In article <3a9e70bc.4046158478@Newshost.comnet.co.nz>,
	B.Hamilton@irl.cri.nz (Bruce Hamilton) wrote:

>address.below.or@web.site www.mantra.com/jyotish (Dr. Jai Maharaj)
wrote:
>
>>Producing plastics from plants
>.....
>>But crop plants such as corn or soybeans hold the
>>potential to create plants that provide the starting
>>materials to make the plastics we already have and to
>>make new plastics with never- before-seen properties,
>>Chapple says.
>
>Those who ignore history are doomed to repeat it. A search
>on Henry Ford and Soy Plastic should identify references
>to one of his most expensive failures. In the 1930s and
>1940s he attempted to capture the potential market for soy
>plastics in cars. IIRC, he even made a car out of it, and
>mandated that soy plastic should be used in all his cars,
>on items like handles and knobs.
>
>Naturally, his competitors soon had superior products at
>cheaper prices, and his attempt to capture a dying market
>was a major economic failure and loss of focus that gave
>competitors more opportunities.
>
>Up until a few years ago in NZ, casein plastics ( usually
>cross-linked using formaldehye - a technique that dates back
>to the 1890s ) were used as buttons on clothes. Even though
>residual formaldehyde levels were low, the increasing concerns
>about formaldehyde destroyed the market.
>
>        Bruce Hamilton



At this point I can comment again on an amusing article in Scientific
American last year in which they seriously suggested having plants
produce polymers which wouldn't biodegrade, so that their carbon
could go back into landfill and wouldn't exacerbate the CO2
greenhouse effect.

But plants already produce polymers that don't degrade in landfills:
cellulose. If you make your newspapers from hemp (to save the trees)
that problem is SOLVED automatically. 4 or 5 times more carbon goes
into landfill in newspapers than all the petroleum plastics combined.

I don't know if we'll ever be able to use hemp-cellulose to make
plastics as easily as petroleum plastics.
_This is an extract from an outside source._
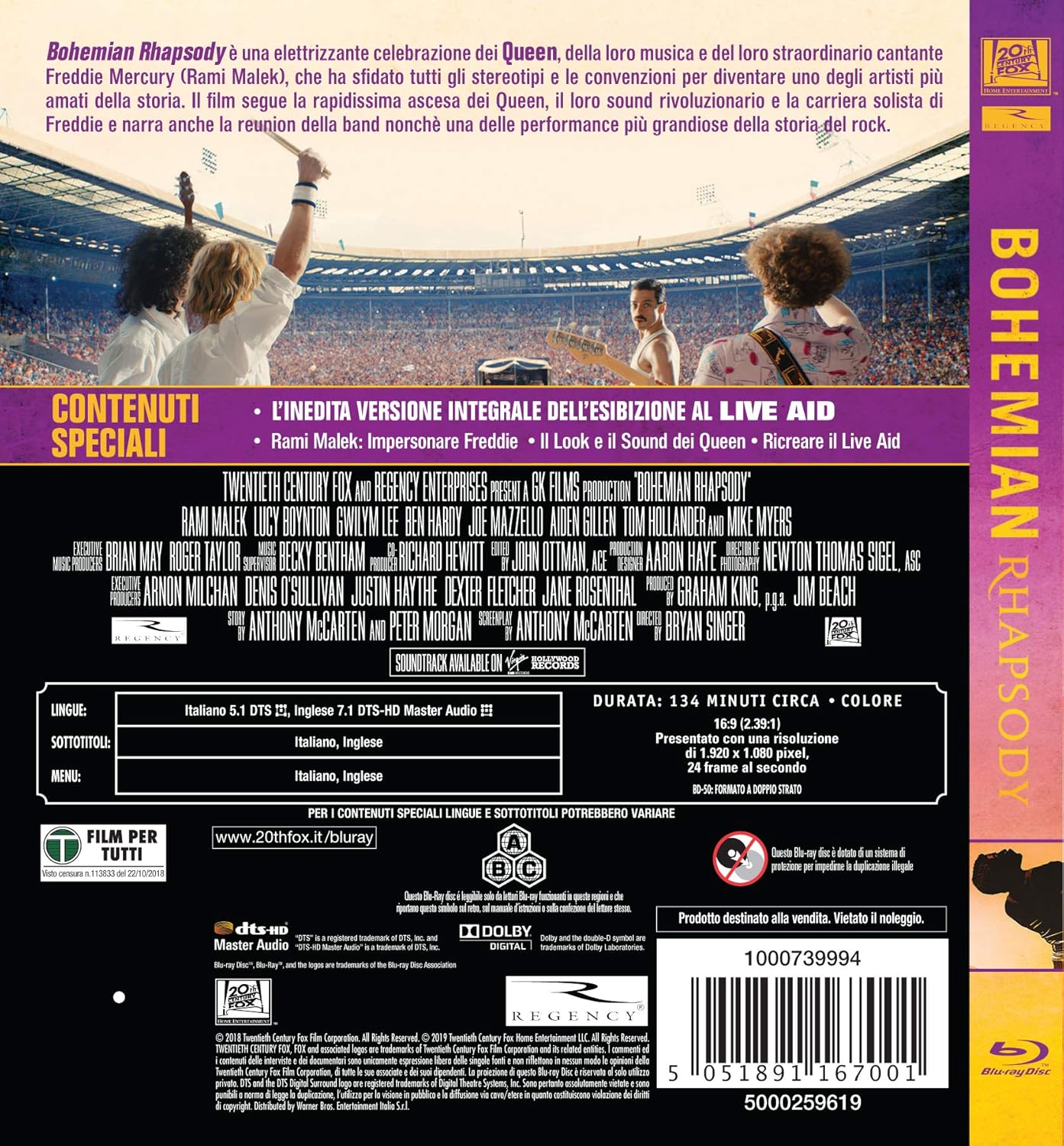 Bohemian Rhapsody (Blu-Ray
I do know that the issue of
the carbon cycle is a non-starter. We can fix this by simply doing
nothing but make newspapers out of hemp, and them doing what we
already do with them. The petroleum plastic stuff is pissing in the
ocean compared with what we do with the rest of petroleum. So let it
alone until we've solved our other problems. Making non-biodegradable
plastics in corn to replace the carbon we didn't bury because we
started recycling newspapers is so funny it's painful.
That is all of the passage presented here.